In the early 1950s, along with raising five children, Pat Ritter began to mend rifts in her community in Connecticut, where she became the first woman appointed to the State Commission on Civil Rights. Acting on her conviction that fair housing means nothing without the financial means to take advantage of it, Ritter and her husband George founded the Connecticut Housing Investment Fund, which has helped thousands of families buy homes in areas previously closed to them. Still effective in changing the texture of Connecticut neighborhoods, the organization as attracted corporate support that has led to its replication across the nation. In 1979, President Jimmy Carter appointed Ritter a director of the National Housing Partnerships in Washington, D.C.

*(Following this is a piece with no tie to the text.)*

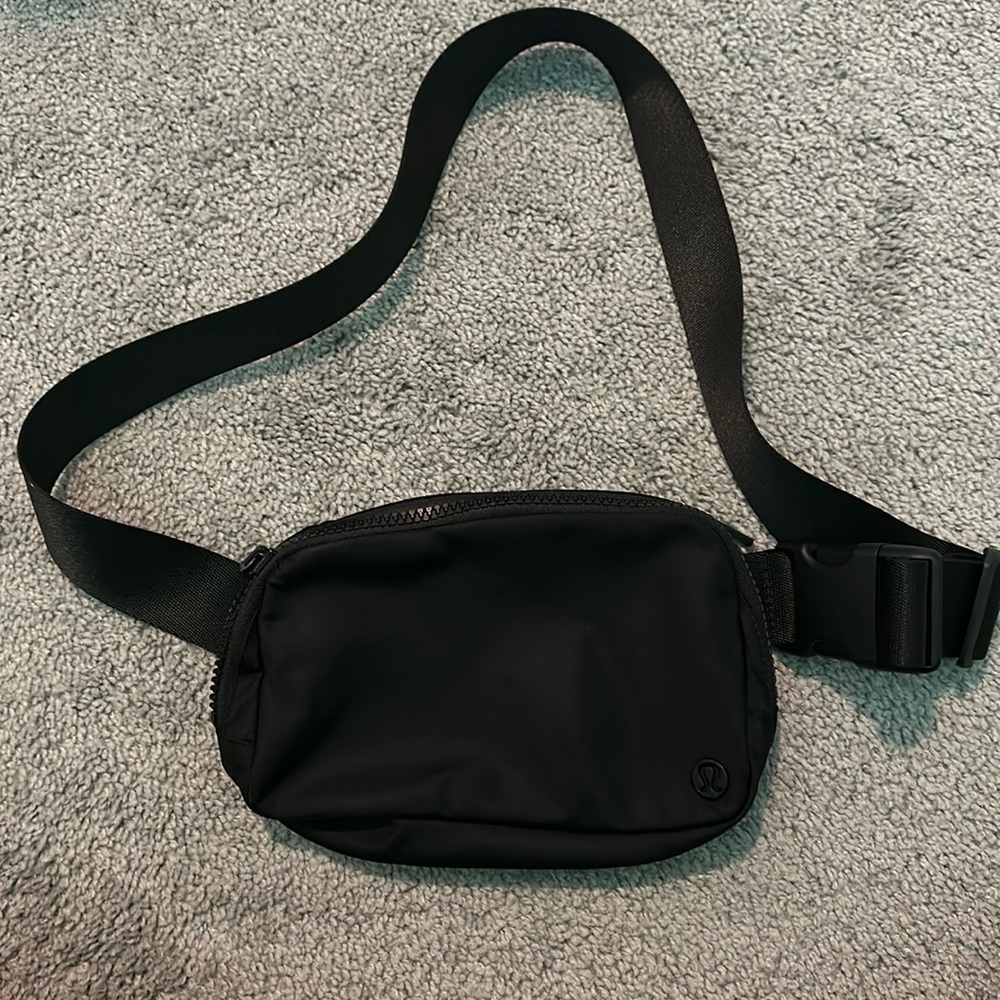 Lululemon belt bag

It was at the peak of her career as a leader in civil rights and housing reform that the Cultural Revolution in China came to an end. In 1979, Pat Ritter was one of a small group of Westerners invited by the Chinese Ministry of Education to advise on the rehabilitation of the universities in China. Her work teaching English in that country, coupled with her founding of the Lighthouse Libraries, has earned her the trust and respect of a people long shut off from the rest of the world. The China in Connecticut foundation she established in 1980 has brought scores of Chinese students to study all across America.

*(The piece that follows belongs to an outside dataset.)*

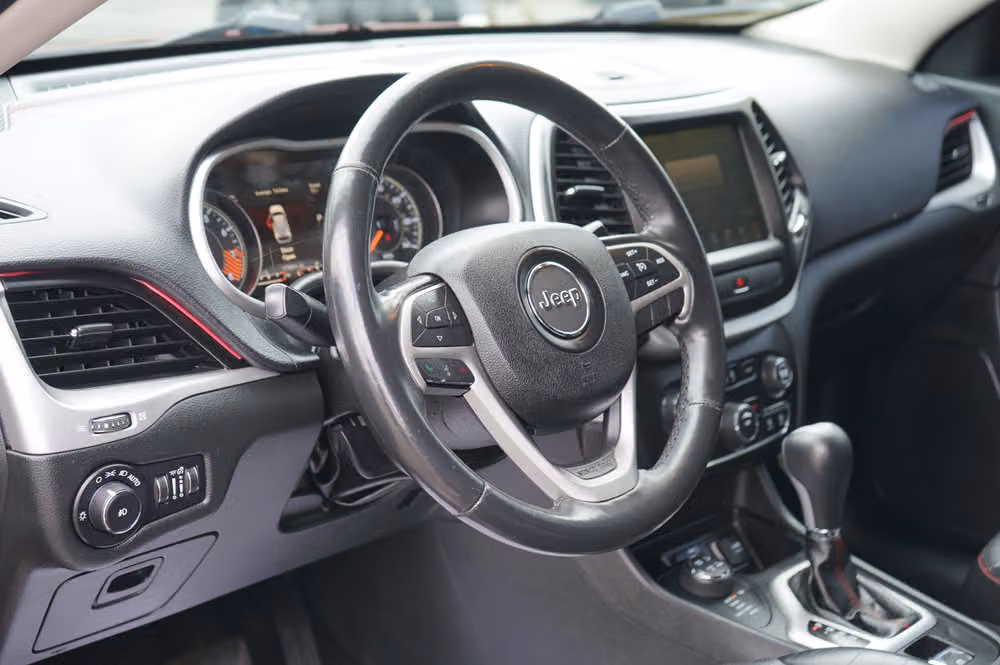 2015 Jeep Cherokee Trailhawk Image 11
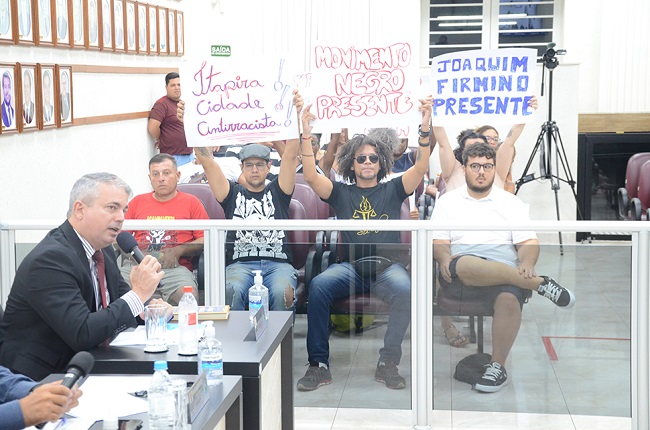 Aprovada lei que proíbe homenagens a escravistas e eugenistas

Ritter received an honorary Doctorate of Humane Letters from Heilongjiang University in Harbin, China, in 1986. In 1990, Lawrence University also recognized her with an honorary Doctorate of Laws. She is a member of the UI Alumni Association and the UI Foundation's Presidents Club.
Since 1963, the University of Iowa has annually recognized accomplished alumni and friends with Distinguished Alumni Awards. Awards are presented in seven categories: Achievement, Service, Hickerson Recognition, Faculty, Staff, Recent Graduate, and Friend of the University.